Visita all’area archeologica del Museo Minerario di Abbadia San Salvatore

Una visita tra presente e passato nei dintorni dell’area archeologica del Museo Minerario raccontata da Monia Montigiani, abitante doc. di Abbadia San Salvatore.

Un trekking tra le vecchie gallerie

Verso i primi di Agosto ricevo un invito per un evento al Parco Museo Minerario. Non sembra essere una semplice visita al museo ma un trekking alla scoperta delle vecchie gallerie. Tra i punti di interesse sono citati il pozzo Garibaldi, gli edifici della direzione, la zona delle Lame ed altro ancora. Rifletto e penso che tutto ciò si trova all’interno di quel cancello che da sempre ricordo color ruggine e assolutamente chiuso.

La visita

Il giorno della visita ci ritroviamo al museo, la guida puntuale e cordiale ad accoglierci. Solo io e mio marito siamo di Abbadia, gli altri partecipanti sono turisti in soggiorno nella zona. Percorriamo un breve tratto e poco tempo dopo ecco apparire le chiavi di quel rugginoso cancello, entriamo finalmente nell’area che all’occhio di un locale risulta inaccessibile.

Sembrava di aver riavvolto il nastro del tempo.

La guida ci ha condotto in un prato in cui sono stati lasciati i famosi vagoni di ferro, la zona chiamata “Cimitero dei vagoni”. Il termine mi è sembrato poco appropriato visto che le ruote girano ancora, segno evidente della manutenzione maniacale degli addetti ai lavori del tempo.

Poco più in là l’imbocco della Galleria XXII, una delle vie di accesso dei minatori, dove tratti dei vecchi binari spuntano dall’erba. Subito compare nella fantasia la possibilità di ripercorrere quel tratto con una sorta di treno.

Continuando la visita, passiamo davanti agli Uffici della miniera, la scritta in rilievo ben in vista e perfettamente conservata “Soc. Mercurifera Monte Amiata S.p.A”, i gradini di accesso larghi, a delimitarli due vasi in pietra, dentro i quali sicuramente facevano da cornice piante degne di trovarsi li.

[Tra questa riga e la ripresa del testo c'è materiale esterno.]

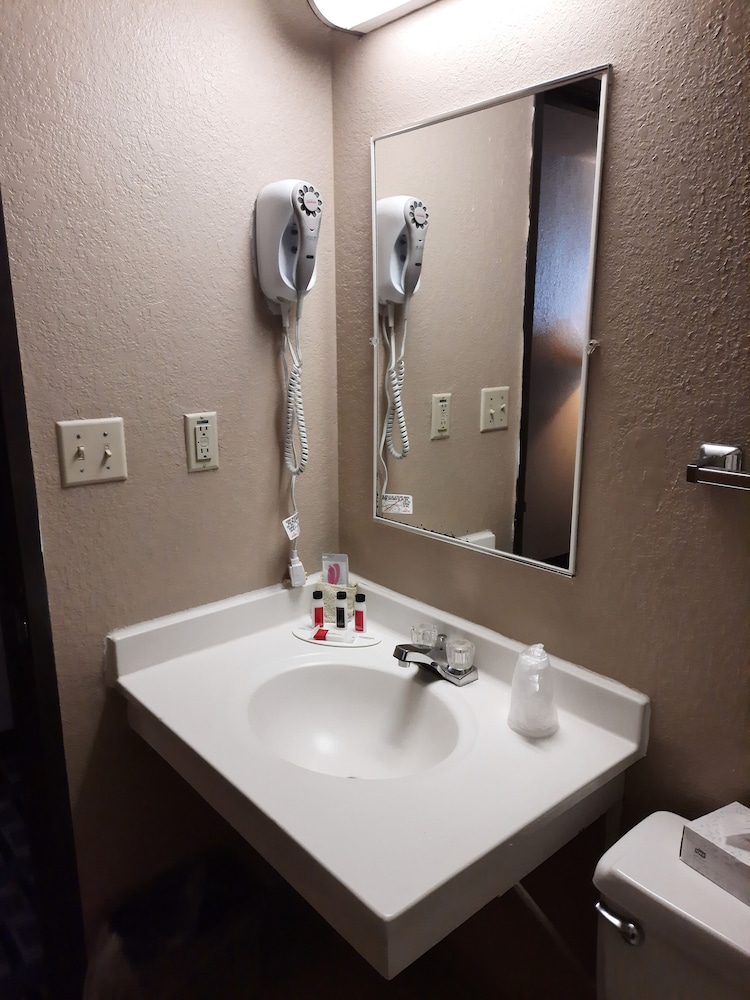 Super 8 by Wyndham Watertown 22/44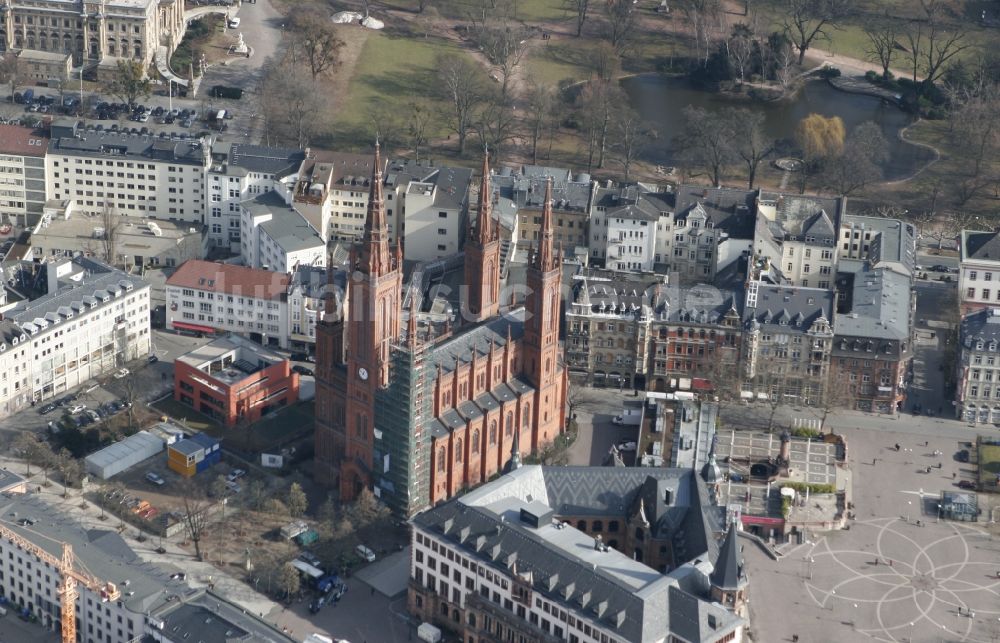 Wiesbaden aus der Vogelperspektive: Neugotische Marktkirche in Wiesbaden in Hessen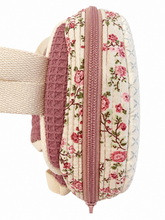 Lade das Bild in den Galerie-Viewer, Handgemachter Kinderrucksack mit Katzenmotiv aus Waffelpique – Rosa

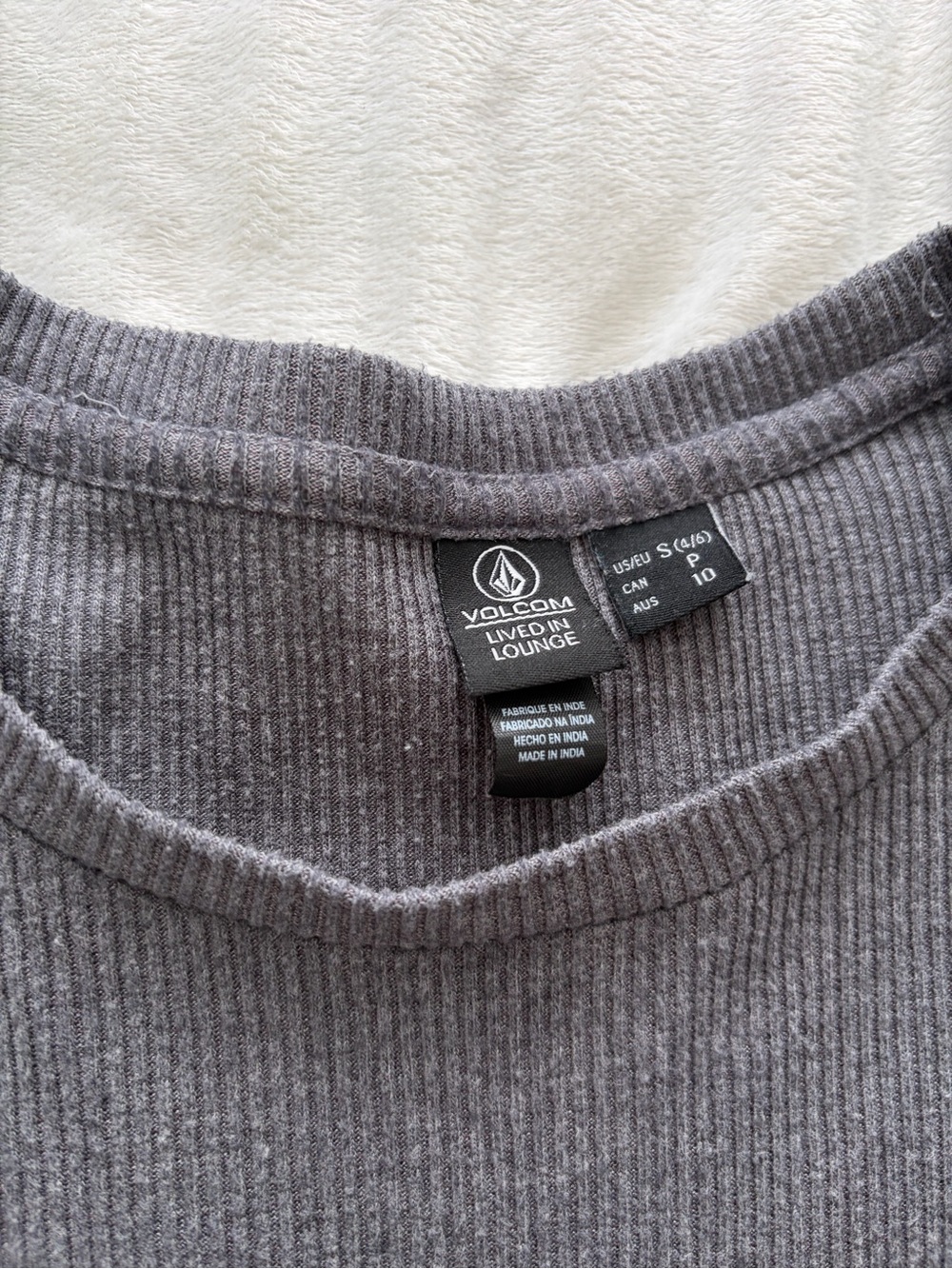 Volcom Grey Ribbed Short-Sleeve Tee π½ - Picture 3 of 6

Il pozzo di estrazione del cinabro

Ecco l’imponente impalcatura del pozzo Garibaldi.

Facile immaginare la gabbia che sale e scende con i vagoni che contengono il cinabro: percorreva 400 metri in un minuto e mezzo. Pensavo di aver capito male e stupefatta dalla velocità ho chiesto conferma alla guida!

Un sistema meccanico dove il ruolo dell’arganista (operaio addetto alla manovra degli argani) era cruciale: mediante avvisi sonori e indicatori dei livelli, calcolava il momento giusto, quello senza errori, per la salita di una gabbia e la discesa dell’altra in un sistema meccanico privo di computer.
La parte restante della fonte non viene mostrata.